Tumours of the carotid body and other paraganglia often retain the general histological pattern of normal paraganglia (Figure 4A). We selected five carotid body paragangliomas and assessed the expression and expected staining pattern of S100, a marker for sustentacular cells and of tyrosine hydroxylase, a marker for chief cells. All tumours tested showed the expected positive (brown) staining pattern (exemplified in a sporadic tumour, Figure 4B and 4C). The tumours were then assessed for histone 3 lysine methylation. As shown in a sporadic paraganglioma tumour, the chief cell fraction showed strong nuclear staining for H3K27me3 (Figure 4D, black arrow). Notably, sustentacular cells (red arrow) showed no nuclear or cytoplasmic staining. A striking feature of H3K27me3 staining in chief cells was its heterogeneity (Figure 4E, black arrow). In contrast, the staining pattern for H3K36me2 was more homogeneous: chief cells showed predominantly nuclear staining (Figure 4F, black arrow) with occasional cytoplasmic staining, while sustentacular cells showed no nuclear staining (Figure 4F, red arrow) and only light, possibly background, staining of the cytoplasm. The staining patterns of both antibodies highlight the "zellball" structure of the tissue. It should be noted that all tumours tested (three sporadic paragangliomas and two SDHD tumours) showed similar patterns of staining (not shown). The differential staining of chief cell nuclei would suggest that these cells represent the transcriptionally active component of the paraganglioma. The heterogeneous staining pattern for H3K27me3 in the chief cells is reminiscent of the ultrastructural studies of Grimely and Glenner , in which they describe "light" and "dark" chief cells. No specific function has ever been attributed to these two forms, and they may indeed simply be transitory forms of the same cell.

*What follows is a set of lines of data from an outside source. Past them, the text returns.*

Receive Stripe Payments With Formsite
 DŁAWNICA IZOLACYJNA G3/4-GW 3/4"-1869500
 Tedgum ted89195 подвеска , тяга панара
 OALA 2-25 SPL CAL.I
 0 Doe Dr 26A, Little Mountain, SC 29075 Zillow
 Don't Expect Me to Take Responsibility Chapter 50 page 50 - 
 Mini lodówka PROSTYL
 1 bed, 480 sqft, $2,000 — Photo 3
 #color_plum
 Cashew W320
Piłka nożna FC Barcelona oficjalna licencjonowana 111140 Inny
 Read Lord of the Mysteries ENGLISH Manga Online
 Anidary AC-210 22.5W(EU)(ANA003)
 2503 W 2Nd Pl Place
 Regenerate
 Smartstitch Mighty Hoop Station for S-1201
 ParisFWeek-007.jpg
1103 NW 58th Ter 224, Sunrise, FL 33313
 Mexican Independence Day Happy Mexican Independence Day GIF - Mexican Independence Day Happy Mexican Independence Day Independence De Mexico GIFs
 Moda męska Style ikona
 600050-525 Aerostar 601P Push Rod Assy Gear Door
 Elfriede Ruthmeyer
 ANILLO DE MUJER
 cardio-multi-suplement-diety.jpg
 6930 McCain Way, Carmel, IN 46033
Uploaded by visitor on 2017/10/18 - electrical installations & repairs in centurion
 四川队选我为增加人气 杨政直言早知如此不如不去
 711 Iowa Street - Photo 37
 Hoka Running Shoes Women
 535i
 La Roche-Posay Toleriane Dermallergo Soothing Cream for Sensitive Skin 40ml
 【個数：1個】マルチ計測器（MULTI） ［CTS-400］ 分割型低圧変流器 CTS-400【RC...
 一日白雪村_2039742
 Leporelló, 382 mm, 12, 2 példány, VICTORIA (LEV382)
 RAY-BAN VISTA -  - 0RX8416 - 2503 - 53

In the present study we have shown that metabolic perturbations within the mitochondrial SDH complex result in a reversible dysregulation of post-translational histone methylation, leading to increased steady-state levels of methylated lysine on histone H3. Product inhibition of the demethylation reaction with succinate is the most likely cause of this dysregulation. The above scenario would predict a non-discriminatory decrease in total cellular demethylase activity following SDH inhibition, orchestrated perhaps by different succinate Ki values for individual demethylases. It is evident that further studies would benefit from genome-wide location analysis (ChIP-on-chip) to survey the underlying chromatin environment associated with SDH dysfunction. As an overture to this analysis, we used ChIP to measure H3K27me3 occupancy at four independent loci, detecting reduced occupancy at the IGFBP7 promoter in SDHB-deficient cells. Interestingly, recent studies have described the co-existence of H3K4 and H3K27 methylation marks, a so-called bivalent domain, on a subset of developmentally regulated loci in embryonic stem cells . This difference in occupancy between methylated H3K4 and H3K27 could therefore direct increased or decreased transcriptional expression, and provides a plausible explanation for our observations. Of note this study highlights the type I chief cell as the principal immunoreactive cell type for both H3K27me3 and H3K36me2 in the carotid body tumours tested. It would be interesting to see whether all SDH-related tumours show similar staining patterns. Chief cells are the master chemosensory cells of the carotid body and are physiologically complex . Conversely, type II cells lack most of these actions and are generally thought to provide a supporting role to chief cells. Consistent with this notion, multiparameter DNA flow cytometry analysis of SDHD-related tumours indicates that chief cells are the neoplastic component of paragangliomas : utilizing S-100 labelling as a selective marker for the sustentacular fraction, this study showed that S-100-labelled cells are diploid, and show retention of the wild-type allele, while loss of the wild-type allele was seen in the S-100-negative fraction. Therefore type II cells can be seen as a non-neoplastic cell population induced as a tumour-specific stromal component of the chief cells.
In summary our initial results demonstrate an epigenetic operation linked to SDH inhibition in mammalian cells, and could provide a paradigm for the investigation of epigenetic processes that may contribute to tumour predisposition in neuroendocrine neoplasia.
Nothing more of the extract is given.